This 2011 electron microscope image made available by the Centers for Disease Control shows HIV virions. On Wednesday, Sept. 11, 2019, scientists are reporting the first use of the gene-editing tool CRISPR to try to cure a patient's HIV infection by providing blood cells that have been altered to resist the AIDS virus. （Maureen Metcalfe, Tom Hodge/CDC via AP）
Scientists are reporting the first use of the gene-editing tool CRISPR to try to cure a patient’s HIV infection by providing blood cells that were altered to resist the AIDS virus.
The gene-editing tool has long been used in research labs, and a Chinese scientist was scorned last year when he revealed he used it on embryos that led to the birth of twin girls. Editing embryos is considered too risky, partly because the DNA changes can pass to future generations.
Wednesday’s report in the New England Journal of Medicine, by different Chinese researchers, is the first published account of using CRISPR to treat a disease in an adult, where the DNA changes are confined to that person.
The attempt was successful in some ways but fell short of being an HIV cure.
Still, it shows that gene editing holds promise and seems precise and safe in this patient so far, said Dr. Carl June, a University of Pennsylvania genetics expert who wrote a commentary in the journal.
“That’s really good for the field,” June said.
Chinese government grants paid for the research, which was done openly with advance notice on a scientific registry and standard informed consent procedures. Some of those steps were missing or questioned in last year’s embryo work.
“There are no ethical concerns on this one,” June said.
Gene editing permanently alters DNA, the code of life. CRISPR is a relatively new tool scientists can use to cut DNA at a specific spot.
The new case involves a 27-year-old man with HIV who needed a blood stem cell transplant to treat cancer. Previously, two other men were apparently cured of both diseases by transplants from donors with natural resistance to HIV because they have a gene mutation that prevents HIV from entering cells. Since donors like this are very rare, the Chinese scientists tried to create similar HIV resistance by “editing” that gene in blood cells in the lab to try to mimic the mutation.
The transplant put the man’s cancer in remission, and the cells that were altered to resist HIV are still working 19 months later.
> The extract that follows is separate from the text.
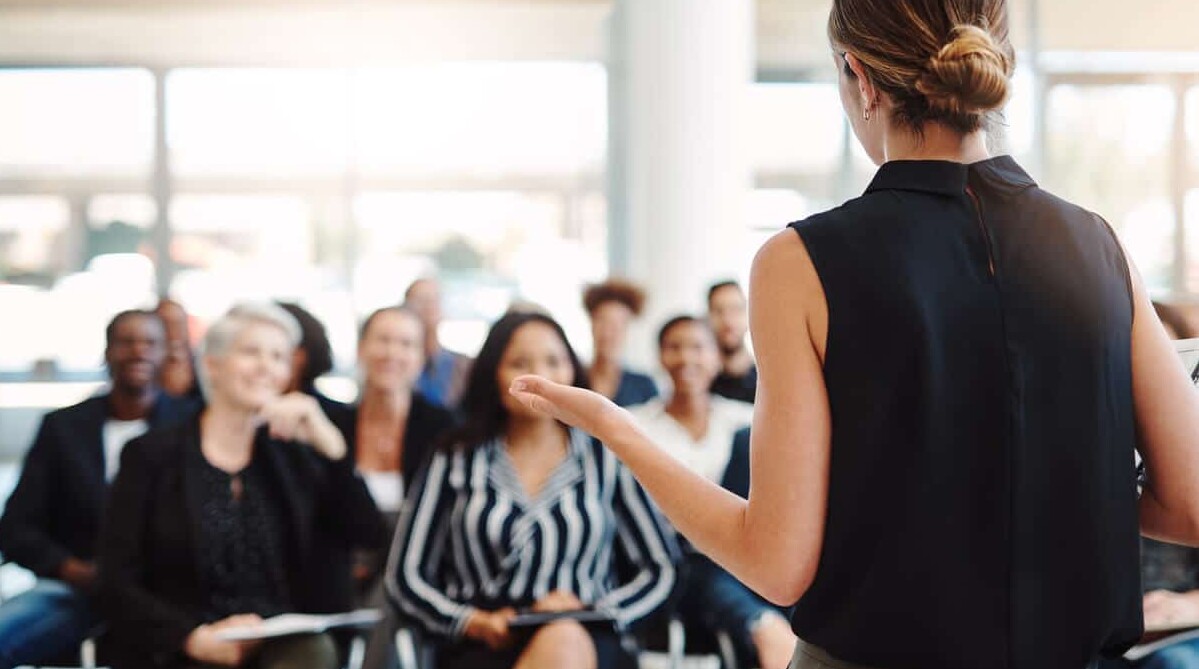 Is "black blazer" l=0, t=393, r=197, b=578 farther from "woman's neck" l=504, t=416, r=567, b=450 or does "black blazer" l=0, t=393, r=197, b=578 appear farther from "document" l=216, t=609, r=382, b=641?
"woman's neck" l=504, t=416, r=567, b=450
But they comprise only 5% to 8% of such blood cells, so they’re outnumbered by ones that can still be infected.
“They need to approach 90% or more, I think, to actually have a chance of curing HIV,” June said.
Scientists are testing various ways to make the gene editing more efficient, and “our results show the proof of principle” for this approach, one study leader, Hongkui Deng of Peking University in Beijing, wrote in an email.
One very encouraging result: multiple tests show that the editing did not have unintended effects on other genes.
“One of the concerns is that they could make a Frankenstein cell, that they would hit other genes instead of the intended target,” so it’s good that this did not happen, June said.
China appears to be moving fast on such research and may get treatments approved sooner than the United States, June said. He has financial ties to some gene therapy companies and is leading a different study testing CRISPR to fight cancer in the U.S. Three patients have been treated so far and some results are expected by the end of this year.
Several other U.S. studies have been trying to control HIV by altering patients’ own blood cells using a different gene editing tool called zinc finger nucleases. The first such test began a decade ago in the U.S.